Government Relations Committee

Latin Business Assn., Los Angeles

* Kudos to The Times for pointing out that the time is here for electric cars and that many of the arguments against these zero-emission vehicles--which can dramatically help improve air quality and California’s economic competitiveness--are not valid.

Consumers also should be aware that mass penetration of electric vehicles into the Southern California market offers the potential to stabilize their electric rates.

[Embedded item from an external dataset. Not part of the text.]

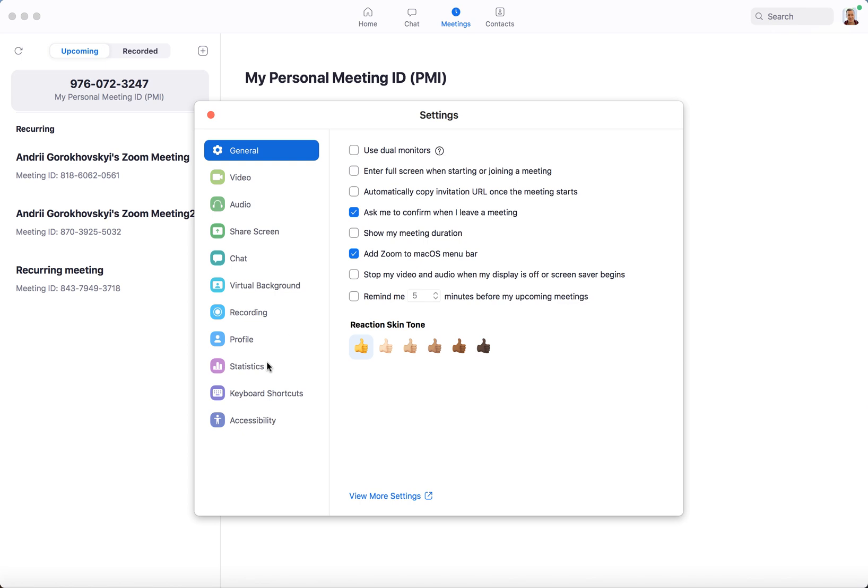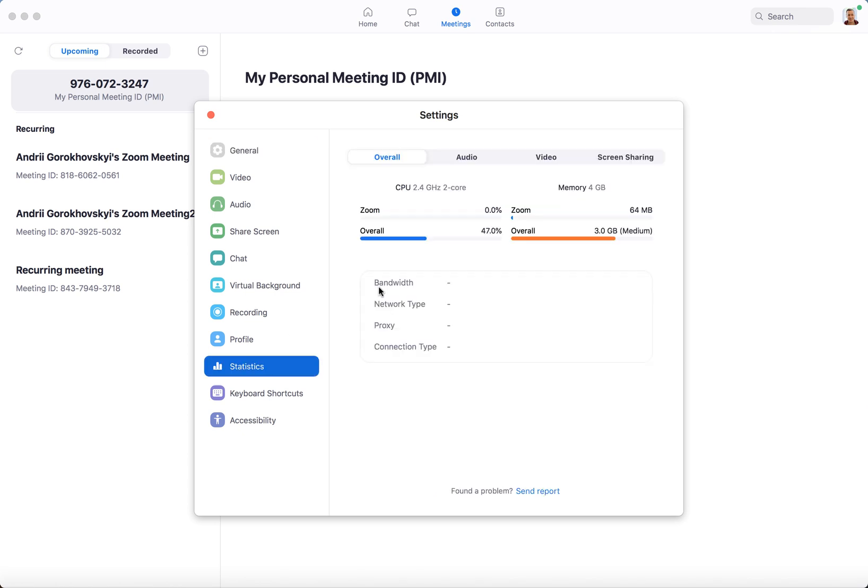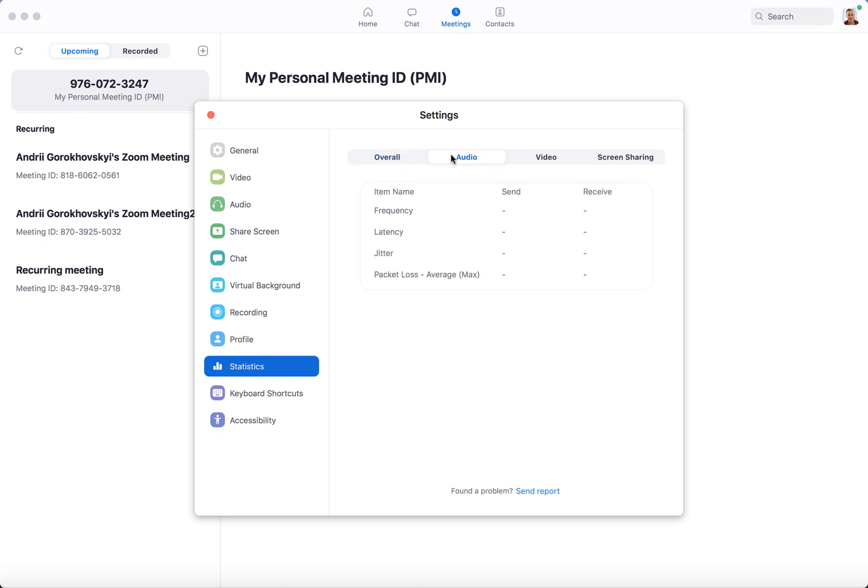And then here you have statistics. So here you can see CPU usage overall on your laptop and memory usage overall, and then specifically for Zoom you can see bandwidth, network type, connection type, all that stuff.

With charging of hundreds of thousands of vehicles overnight (off-peak), when energy use is lowest, utilities such as the Los Angeles Department of Water and Power (DWP) can operate more efficiently. The DWP already offers a discount demonstration nighttime charging rate to eligible electric vehicle owners (a long-term discount rate is under development), and thus electric vehicles make sense not only environmentally but also from many economic perspectives.

With the support of the state’s utilities, and other private agencies, California will be ready for the introduction of electric vehicles. If the public interest is there, the infrastructure will be there--now all we need are the commercially produced vehicles.

KENNETH S. MIYOSHI

General Manager and Chief Engineer

L.A. Department of Water and Power

* I never thought that I would be considered “opposition” to either progress or an environmental cause, but your editorial supporting the electric car on the basis of being “97% cleaner than today’s autos” gives me no alternative.

Your calculation includes atomic fission power plants as a contributing source of electricity for electric cars. It is certainly true that they do not pollute the air with nitrous oxide, carbon monoxide, or unburned hydrocarbons. But they do pollute with radiation, and with toxic waste. And their potential for detrimentally affecting the environment is enormous. So if you want to be intellectually honest, remove them from your list, and redo your calculations. Better yet, support a law that says that for every electric car produced, a truly clean power source must be built and a polluting one must be discontinued. Nobody could argue with that.